About this recipe
The long leavening gives the dough a slightly acidic scent that goes well with the flavor of the cherry tomatoes. If you don’t love it, you can do it in two ways: shorten the rising time, then leave the dough at room temperature for about 8-12 hours; or decrease the quantity of sourdough to 50 g and keep the 24 hours of leavening. In the latter case, if you are in a hot season, put the dough in the refrigerator, while if it is colder, leave it at room temperature.

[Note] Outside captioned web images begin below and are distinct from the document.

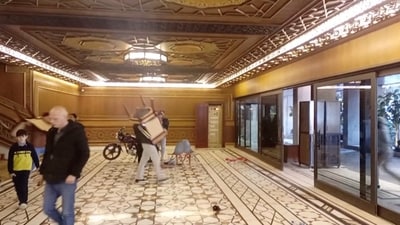 People carry furniture as they leave Al-Rawda Presidential Palace in Damascus, Syria, December 8, 2024 in this screen grab taken from a video obtained by Reuters. VIDEO OBTAINED BY REUTERS/Handout via REUTERS THIS IMAGE HAS BEEN SUPPLIED BY A THIRD PARTY (via REUTERS)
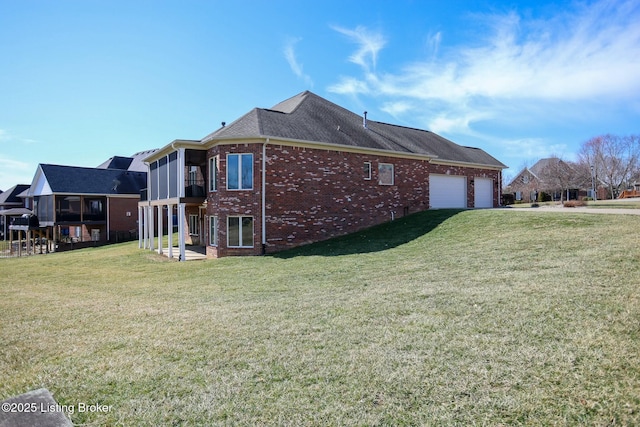 view of home's exterior featuring brick siding, a lawn, an attached garage, and roof with shingles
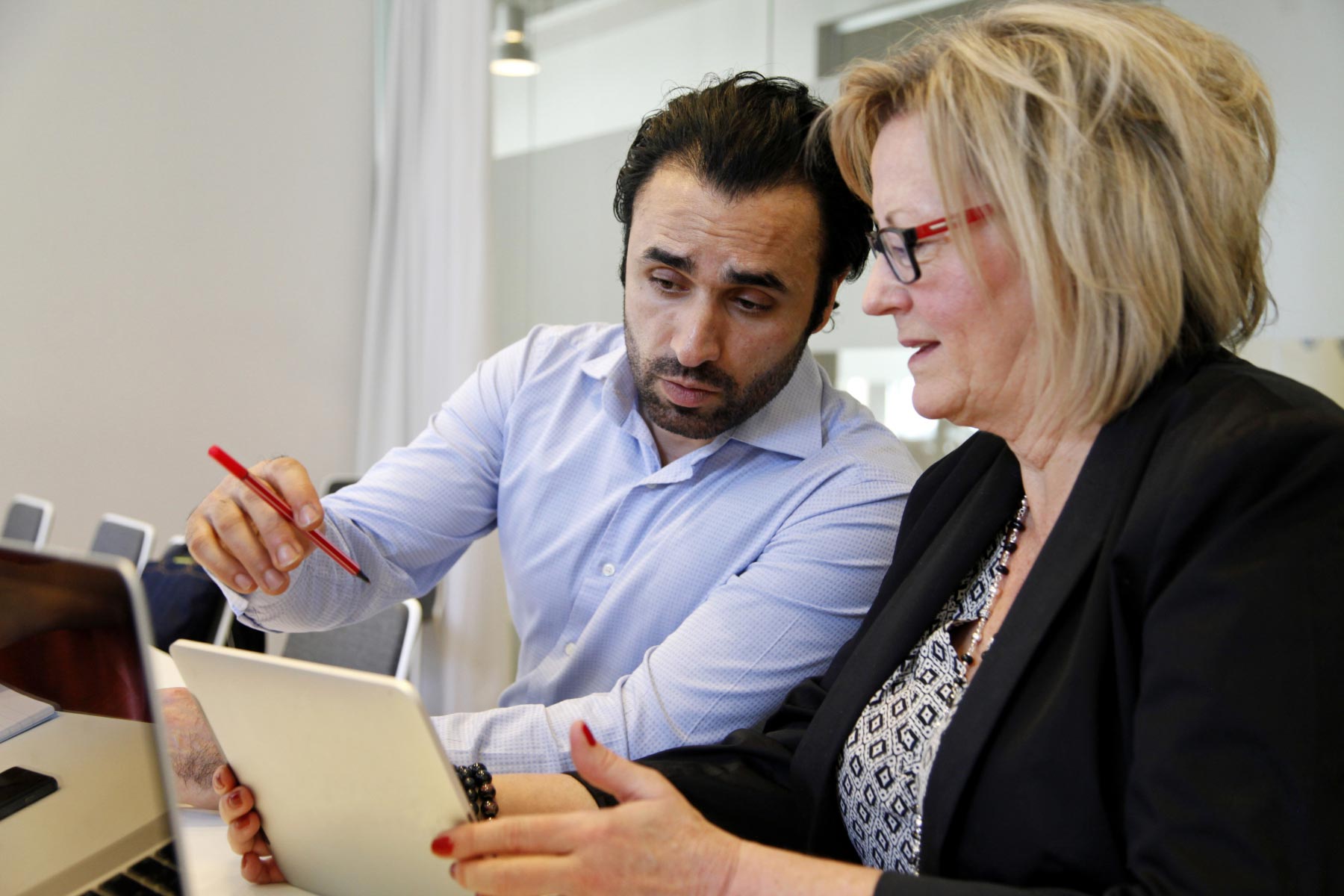 Mies ja nainen keskustelevat, mies osoittaa naisen tabletilla olevaa asiaa.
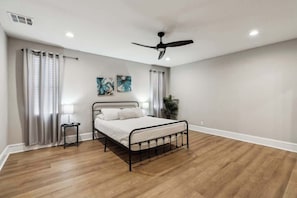 A bedroom with a bed, a ceiling fan, a nightstand, a lamp, and a plant.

If you want to make focaccia with fresh yeast, use 10 g of fresh yeast and leave the dough in the fridge for 24 hours. Otherwise use 25 g of fresh yeast, let the dough rise for 2 hours, then place it in the pan, add the cherry tomatoes and let rise another hour before baking.
- 100g of sourdough
- 200g of white whole wheat flour
- 200g of bread flour 100g of semolina flour
(also whole wheat semolina flour)
- 280g of water
- 50g of extra virgin olive oil
+ the one for brushing
- 15-20 cherry tomatoes
- 1 teaspoon salt
Sift the flours and semolina. Melt the sourdough in the water, then gradually add the flour mix. Complete with oil and salt.
If you have used the kneading machine, change the leaf beater with the hook beater and knead another 2-3 minutes. Otherwise continue to knead by hand, vigorously, for a few minutes: the dough must be smooth and homogeneous. Form a ball, place it in a large bowl, cover it with plastic wrap and let it rise in the refrigerator for 24 hours.
Take the dough back, bring it to room temperature for a couple of hours, then roll it out in a slightly deep round baking pan about 26-28 cm wide.
Wash the tomatoes, cut them in half and let them sink into the dough with the cut side down. Season the focaccia surface with a little oil and bake at 220 ° for about 20-25 minutes. The focaccia must be beautiful swollen and soft, but only slightly colored.